Xerabê Bava köyüne gitmek isteyen heyet engellendi

Xerabê Bava köyünde Türk devlet güçlerinin günlerdir sürdürdüğü abluka, infazlar ve hakkında bilgi alabilmek için gelen insan hakları savunucularından oluşan heyet, hak ihlallerinin had safhaya ulaşmasından endişeli.

İnsan Hakları Derneği Genel Merkezi, İstanbul ve Amed şubeleri, Amed Barosu’ndan oluşan bir heyet Mardin’inin Nusaybin ilçesine bağlı Koruköy (Xerabê Bava) köyünde yaşananları yerinde görmek amacıyla bölgeye geldi.

Nusaybin’e gelen heyet, Kaymakamlık, Valilik ve Savcılık ile görüşmeler yaparak duruma ilişkin bilgi almak istedi. Yetkililerle görüşemeyen heyet, ardından köye geçmek üzere harekete geçti. Köye 15 kilometre kala durdurulan heyet, askerlerle görüştü ancak onlardan “Biz yetkili değiliz valilik izin verdiği ölçüde biz geçişlere izin verebiliriz” yanıtını aldı. 

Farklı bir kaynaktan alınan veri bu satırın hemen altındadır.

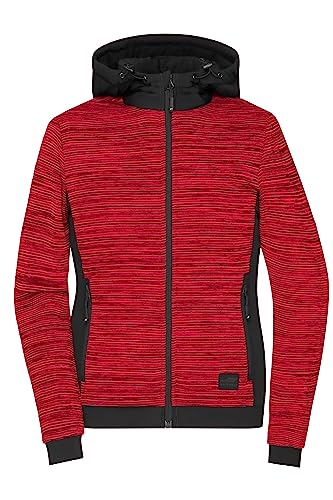 James & Nicholson Damen Strickfleece Jacke - Hybridjacke mit wärmender DuPont™ Sorona® Wattierung | Farbe: red-melange/black | Grösse: S von James & Nicholson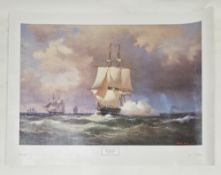 After Wilhelm Melby (Dutch 1824-1882) Colour print 'Square Riggers' published by Stephen Selby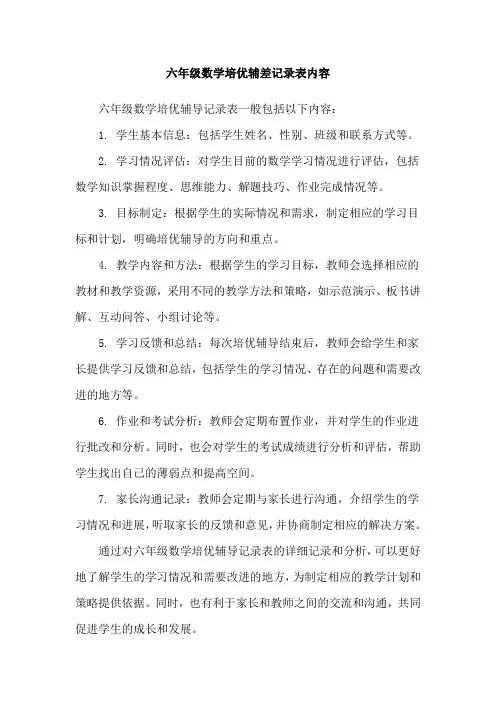 六年级数学培优辅差记录表内容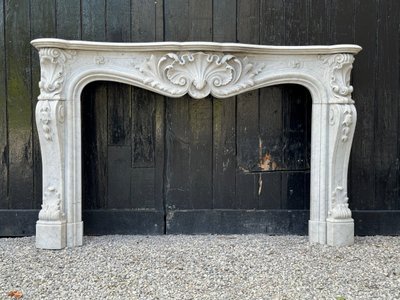 Remarkable Louis XV Style Carrara Marble Mantel Circa 1880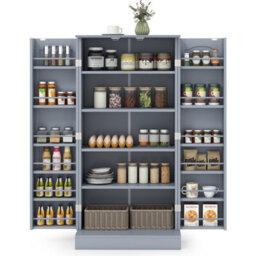 Kitchen Storage Cabinet Freestanding Buffet Cupboards Sideboard-Grey - thumbnail 1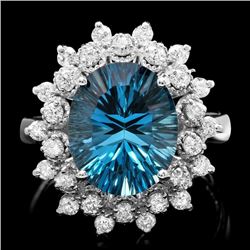 14k White Gold 5.50ct Topaz 0.70ct Diamond Ring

İkinci heyetin de gelmesiyle birlikte bölgeye çok sayıda asker ve TOMA sevk edilirken köyden 2 ambulans ile 1 cenaze aracının çıktığı görüldü. Araçların durumuna ilişkin bilgi alınamazken, heyeti durduranlar arasında sivil, sakallı ve ellerinde silah olan kişilerin olması dikkat çekti. 

Engellemeye ilişkin konuşan İHD Genel Başkan Yardımcısı ve Amed Şube Başkanı Raci Bilici, sokağa çıkma yasağının sonuçlarının yavaş yavaş ortaya çıktığını belirterek, kötü muamele, işkence iddialarının olduğunu söyledi. Bilici, “Sokağa çıkma yasağı ile birlikte çok ciddi sorunların ortaya çıktığı belirtiliyor. İnsanlar yaşam hakları dahil bütün haklardan mahrum bırakılıyor. İHD olarak hem genel merkez hem de İstanbul şubesi olarak burada bulunmak istedik. Köye gidip yetkililerle görüşmek istedik ancak bir sonuç alamadık. Bizler çok kaygılıyız. Çünkü gelen iddialar çok ciddi. Bu abluka ve hukuk dışı uygulamaların son bulması noktasında ısrarcıyız. Gerek bölgedeki yetkililer gerekse de uluslararası kuruluşlarla görüşlerimizi paylaşacağız. Umuyoruz ki daha fazla tahribat yaratılmadan bu abluka son bulur” dedi.

İHD İstanbul Şube Yöneticisi Gülseren Yoleri de savcılık, Valilik ve kaymakam ile görüşme talepleri olduğunu ancak çeşitli gerekçelerle görüşmeden kaçınıldığını ifade etti. Daha önce de benzer durumlarla karşılaştıklarını dile getiren Yoleri, savcının Çarşamba günü için görüşme oluru verdiğini belirterek, “Ancak hem burada olan bitene ilişkin herhangi bir bilgilendirme yapmıyor. Gözaltılar var biliyoruz, hastanelerde insanlar var, bu ablukanın ne zaman biteceğine ilişkin herhangi bir açıklama da yapılmıyor” dedi. 

GÖZALTINDAKİLERE DE GÖRÜŞ ENGELİ

Amed Barosu Genel Sekreteri Nuşin Uysal da bölgede başlayan operasyonların başlatıldığını, öncesinde köylülerin hiçbir hazırlık yapamadıklarını kaydetti. Yasaklar döneminde hak ihlallerinin olduğu yönünde bilgilerinin olduğunu söyleyen Uysal, gözaltılarla ilgili bilgi vermesi gereken resmi makamların bilgi vermediğini belirterek, “Kaç kişini göz atında olduğunu, gözaltındakilerin nerede olduğunu bilmiyoruz. Normalde gün itibari ile gözaltına aldıklarında görüş yasağı 24 saat ile sınırlıdır. Gözaltındakiler herhangi bir avukat ile hala görüşebilmiş değil. Diğer iddialara ilişkin hiçbir idari makamla görüşebilmiş değiliz. Buradaki yetkililerle görüştüğümüz zaman olayı kendileriyle ilgili olmadığını, Vali veya kaymakamın bu konuda yetkili kişiler olduğunu kendilerine sadece bundan sonrasının yasak olduğunu, geçişe izin vermemeleri gerektiğini söylüyor” diye konuştu.

Uysal, duruma ilişkin en vahim olanın bilgiyi verecek yetkililerinin iletişimden kaçınması ve bu durumun da endişeleri arttırdığını ifade etti.

Heyet açıklamanın ardından köye ulaşabilmek için bir süre daha çabalasa da sonuçsuz kalan çabaların ardından oradan ayrıldı. Heyetteki insan hakları savunucuları yarın bir kez daha köye gitmeye çalışacaklarını belirtti.